Leaving out all pictures, copy the lines below exactly, from the line with "Mercedes W176 Front" to the last line, both ends included.

- _Dataset section_
====

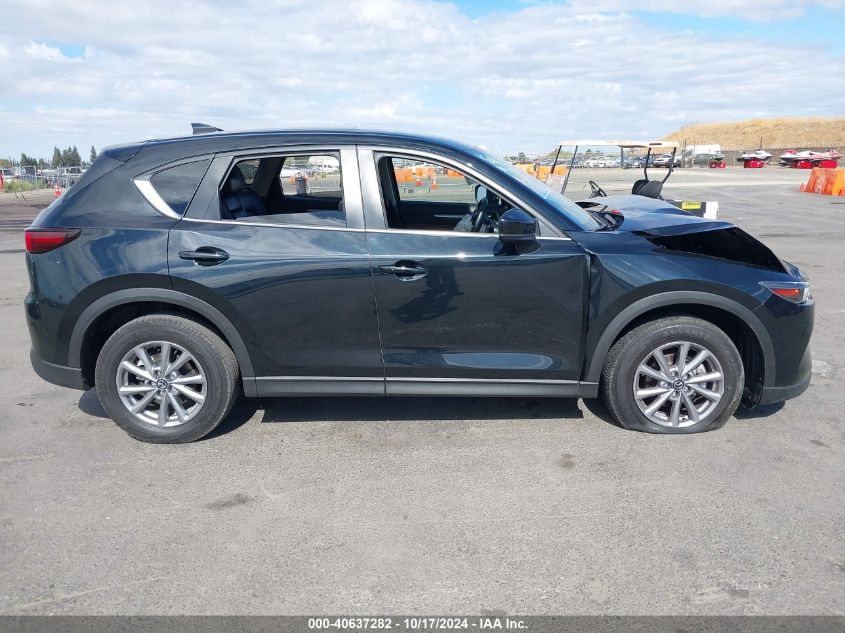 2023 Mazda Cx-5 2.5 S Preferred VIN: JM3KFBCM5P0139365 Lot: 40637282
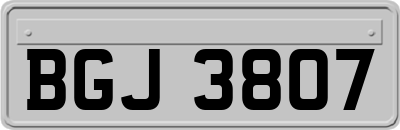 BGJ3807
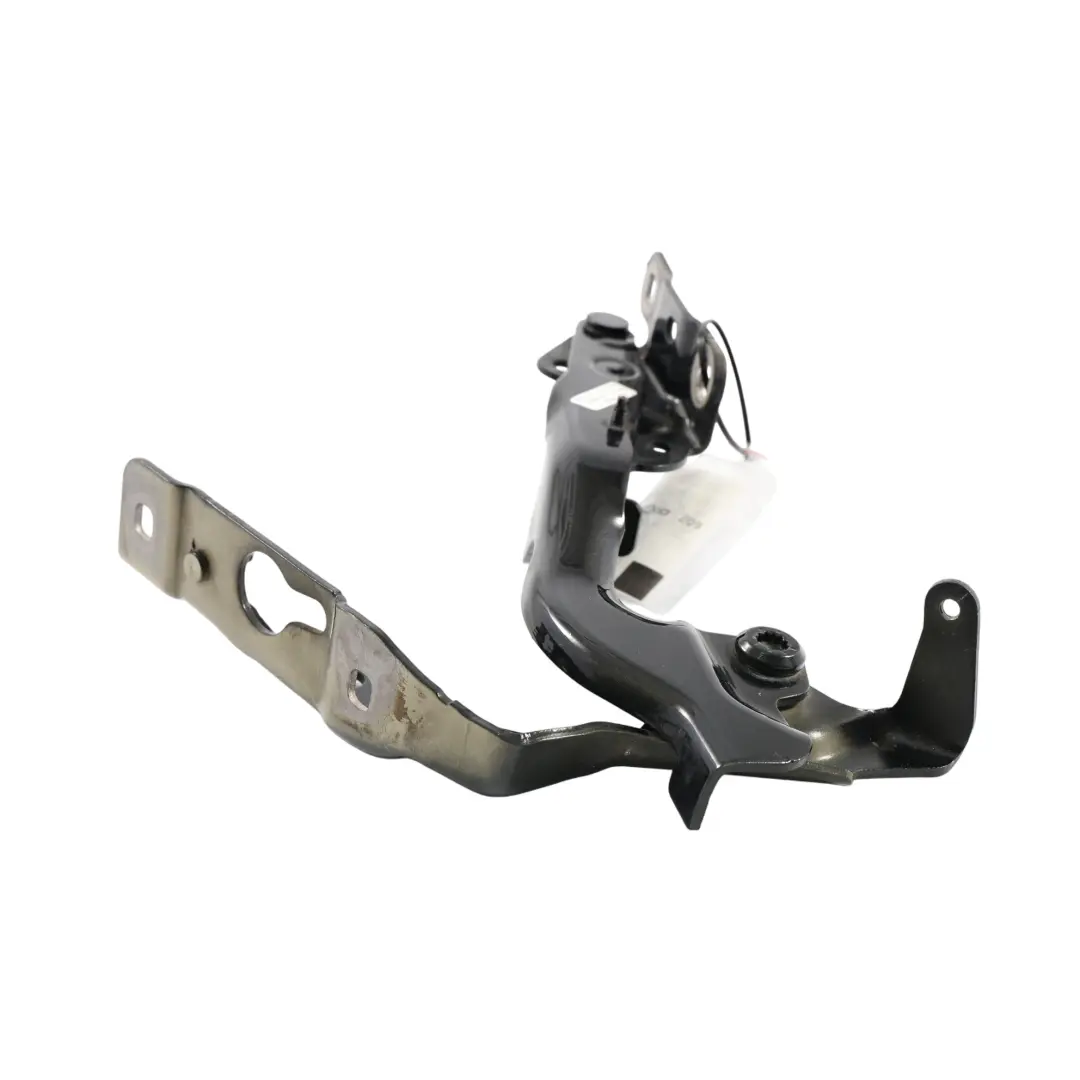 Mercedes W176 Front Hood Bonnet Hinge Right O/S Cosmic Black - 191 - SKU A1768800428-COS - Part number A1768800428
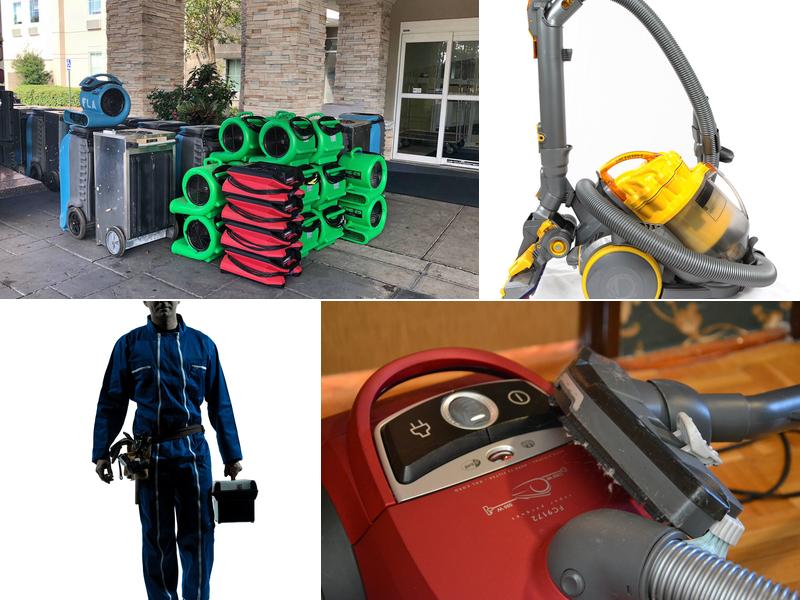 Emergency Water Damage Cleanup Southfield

====

- _Solved exercise_
 Mercedes W176 Front Hood Bonnet Hinge Right O/S Cosmic Black - 191 - SKU A1768800428-COS - Part number A1768800428
 Emergency Water Damage Cleanup Southfield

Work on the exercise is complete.